Still the GPU accuracy is slightly worse than the CPU one. But comparing with the 5x times faster efficiency, I think it is acceptable for me.
Environment info
Operating System: Windows 7 (build 7601, Service Pack 1) 64bit CUDA 8.0 cuDNN 5.1
Hardware: CPU: Xeon E5-1620 V4 GPU: Asus GTX 1080 ti FE
Compiler: Downloaded pre-compiled version from Guido Tapia on 5/12/17
Package used (python/R/jvm/C++): Python
xgboost
version used: .6If you are using python package, please provide
Steps to reproduce
This gist shows an example with dummy data:
https://gist.github.com/gaw89/7b0d68e5b79c9d26f00c8472edf99b28
Here's the output:
GPU ---------------------------- [0] validation-logloss:0.678408 training-logloss:0.677604 [10] validation-logloss:0.558674 training-logloss:0.55084 [20] validation-logloss:0.469776 training-logloss:0.456777 [30] validation-logloss:0.403235 training-logloss:0.385644 [40] validation-logloss:0.349319 training-logloss:0.328338 [50] validation-logloss:0.306017 training-logloss:0.282227 [60] validation-logloss:0.271768 training-logloss:0.245588 [70] validation-logloss:0.243736 training-logloss:0.215626 [80] validation-logloss:0.219791 training-logloss:0.19035 [90] validation-logloss:0.200407 training-logloss:0.169535 [99] validation-logloss:0.184985 training-logloss:0.153226 Raw Validation Accuracy: 0.96708
CPU ---------------------------- [0] validation-logloss:0.678401 training-logloss:0.677562 [10] validation-logloss:0.558419 training-logloss:0.550815 [20] validation-logloss:0.470883 training-logloss:0.45759 [30] validation-logloss:0.40312 training-logloss:0.385283 [40] validation-logloss:0.349083 training-logloss:0.32783 [50] validation-logloss:0.306609 training-logloss:0.282439 [60] validation-logloss:0.271177 training-logloss:0.244778 [70] validation-logloss:0.242388 training-logloss:0.214145 [80] validation-logloss:0.219018 training-logloss:0.189054 [90] validation-logloss:0.199262 training-logloss:0.168125 [99] validation-logloss:0.184332 training-logloss:0.152177 Raw Validation Accuracy: 0.96748
As you can see, CPU provides slightly better accuracy. However, when I try this on my real dataset (which I cannot include here), the difference is vast. In fact, the GPU logloss is all over the place.
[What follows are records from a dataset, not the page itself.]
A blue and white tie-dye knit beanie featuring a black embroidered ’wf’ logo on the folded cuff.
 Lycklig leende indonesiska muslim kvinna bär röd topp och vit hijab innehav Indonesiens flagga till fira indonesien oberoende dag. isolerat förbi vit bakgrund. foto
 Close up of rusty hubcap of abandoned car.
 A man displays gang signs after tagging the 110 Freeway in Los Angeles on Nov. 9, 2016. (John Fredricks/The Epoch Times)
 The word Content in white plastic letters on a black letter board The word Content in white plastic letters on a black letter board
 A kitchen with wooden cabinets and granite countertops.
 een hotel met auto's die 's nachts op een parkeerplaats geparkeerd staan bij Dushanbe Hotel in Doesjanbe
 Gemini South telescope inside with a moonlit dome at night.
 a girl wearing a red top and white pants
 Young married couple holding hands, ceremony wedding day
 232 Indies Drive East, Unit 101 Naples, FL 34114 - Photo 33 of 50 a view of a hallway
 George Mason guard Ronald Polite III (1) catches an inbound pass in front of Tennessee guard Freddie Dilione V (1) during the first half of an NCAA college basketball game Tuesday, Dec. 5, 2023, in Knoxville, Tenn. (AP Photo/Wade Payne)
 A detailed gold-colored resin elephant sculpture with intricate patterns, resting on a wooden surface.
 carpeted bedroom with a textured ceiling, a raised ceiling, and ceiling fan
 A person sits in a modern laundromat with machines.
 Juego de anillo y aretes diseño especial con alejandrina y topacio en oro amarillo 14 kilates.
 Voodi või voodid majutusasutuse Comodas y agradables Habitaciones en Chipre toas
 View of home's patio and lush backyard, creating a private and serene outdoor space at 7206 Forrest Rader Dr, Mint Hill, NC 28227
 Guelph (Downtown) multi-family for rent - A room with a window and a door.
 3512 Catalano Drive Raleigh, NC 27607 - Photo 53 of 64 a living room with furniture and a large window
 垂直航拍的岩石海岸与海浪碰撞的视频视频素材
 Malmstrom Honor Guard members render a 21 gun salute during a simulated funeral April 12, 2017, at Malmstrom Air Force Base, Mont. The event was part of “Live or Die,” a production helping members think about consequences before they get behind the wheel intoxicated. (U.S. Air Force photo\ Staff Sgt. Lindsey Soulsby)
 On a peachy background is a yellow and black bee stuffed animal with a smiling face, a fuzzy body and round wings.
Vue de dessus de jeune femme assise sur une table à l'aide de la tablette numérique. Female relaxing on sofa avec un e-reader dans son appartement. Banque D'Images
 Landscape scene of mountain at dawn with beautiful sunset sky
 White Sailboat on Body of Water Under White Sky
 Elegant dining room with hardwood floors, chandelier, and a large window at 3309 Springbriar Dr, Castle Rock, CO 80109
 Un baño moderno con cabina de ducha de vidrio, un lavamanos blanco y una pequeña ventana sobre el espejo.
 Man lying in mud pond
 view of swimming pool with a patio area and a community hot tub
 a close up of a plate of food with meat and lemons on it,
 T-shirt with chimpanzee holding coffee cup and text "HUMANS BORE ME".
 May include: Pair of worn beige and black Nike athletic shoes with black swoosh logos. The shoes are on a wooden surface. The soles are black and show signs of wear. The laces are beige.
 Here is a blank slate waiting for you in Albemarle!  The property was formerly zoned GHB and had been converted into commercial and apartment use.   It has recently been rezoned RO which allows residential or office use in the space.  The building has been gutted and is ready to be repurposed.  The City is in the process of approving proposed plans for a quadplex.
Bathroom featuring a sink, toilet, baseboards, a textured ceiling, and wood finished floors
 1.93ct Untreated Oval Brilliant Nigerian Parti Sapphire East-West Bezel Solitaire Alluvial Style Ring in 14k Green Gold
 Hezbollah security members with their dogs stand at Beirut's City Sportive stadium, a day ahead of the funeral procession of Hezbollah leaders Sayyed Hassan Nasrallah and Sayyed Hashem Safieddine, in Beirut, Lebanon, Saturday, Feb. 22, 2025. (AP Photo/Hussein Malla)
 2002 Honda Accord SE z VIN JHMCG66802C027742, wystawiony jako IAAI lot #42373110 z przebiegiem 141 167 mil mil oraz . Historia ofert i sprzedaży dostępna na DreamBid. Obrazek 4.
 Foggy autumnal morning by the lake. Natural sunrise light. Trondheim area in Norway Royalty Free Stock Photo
GPU ---------------------------- [0] validation-logloss:20.5582 training-logloss:19.9119 [10] validation-logloss:8.30447 training-logloss:10.8549 [20] validation-logloss:6.82514 training-logloss:7.73837 [30] validation-logloss:19.178 training-logloss:15.8284 [40] validation-logloss:12.5911 training-logloss:10.5985 [50] validation-logloss:16.3701 training-logloss:12.7894 [60] validation-logloss:13.9307 training-logloss:10.9101 [70] validation-logloss:16.2863 training-logloss:12.2042 [80] validation-logloss:13.3689 training-logloss:10.2872 [90] validation-logloss:11.5154 training-logloss:9.0604 [99] validation-logloss:15.6321 training-logloss:12.9941 Raw Validation Accuracy: 0.462666467155
CPU ---------------------------- [0] validation-logloss:0.683447 training-logloss:0.681888 [10] validation-logloss:0.602152 training-logloss:0.592586 [20] validation-logloss:0.544172 training-logloss:0.525163 [30] validation-logloss:0.499751 training-logloss:0.475508 [40] validation-logloss:0.466776 training-logloss:0.435446 [50] validation-logloss:0.441168 training-logloss:0.40346 [60] validation-logloss:0.420259 training-logloss:0.378412 [70] validation-logloss:0.404089 training-logloss:0.358238 [80] validation-logloss:0.391373 training-logloss:0.342194 [90] validation-logloss:0.381069 training-logloss:0.328313 [99] validation-logloss:0.374225 training-logloss:0.318104 Raw Validation Accuracy: 0.847972467455
There are also substantial differences in feature importances between the various CPU/GPU, int/float versions of the model.
What have you tried?
GPU ---------------------------- [99] validation-logloss:0.375699 training-logloss:0.319473 Raw Validation Accuracy: 0.846663175221
CPU ---------------------------- [99] validation-logloss:0.375026 training-logloss:0.319558 Raw Validation Accuracy: 0.84587759988
Is this type of thing to be expected with differences in how GPU and CPU perform numerical operations? Is there any way to get comparable performance on GPU?